Nothing but the lines below from the one holding "Stivaletto alla caviglia" up to and including the one holding "Fr. James Oyet" should be copied, exactly and without pictures.

▶ _INFORMATION GIVEN_:
BEGIN

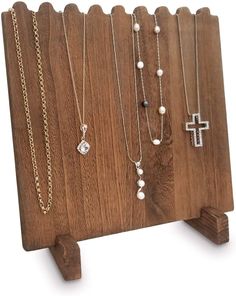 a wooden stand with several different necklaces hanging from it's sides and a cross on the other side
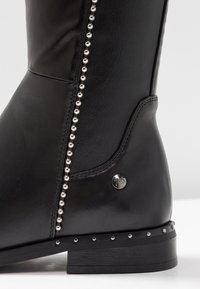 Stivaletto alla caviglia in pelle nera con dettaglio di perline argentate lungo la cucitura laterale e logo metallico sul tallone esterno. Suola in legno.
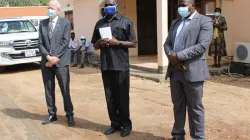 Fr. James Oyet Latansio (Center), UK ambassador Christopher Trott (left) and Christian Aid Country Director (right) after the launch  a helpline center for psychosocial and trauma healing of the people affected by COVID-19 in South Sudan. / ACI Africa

END
BEGIN

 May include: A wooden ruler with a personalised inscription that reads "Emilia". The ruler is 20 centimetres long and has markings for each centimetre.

END
BEGIN

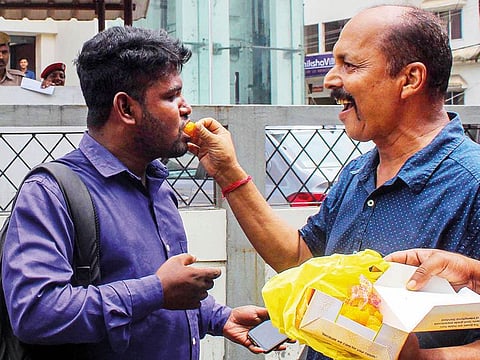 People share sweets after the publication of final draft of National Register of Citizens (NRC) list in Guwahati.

END

▶ _ANSWER_:
 Stivaletto alla caviglia in pelle nera con dettaglio di perline argentate lungo la cucitura laterale e logo metallico sul tallone esterno. Suola in legno.
 Fr. James Oyet Latansio (Center), UK ambassador Christopher Trott (left) and Christian Aid Country Director (right) after the launch  a helpline center for psychosocial and trauma healing of the people affected by COVID-19 in South Sudan. / ACI Africa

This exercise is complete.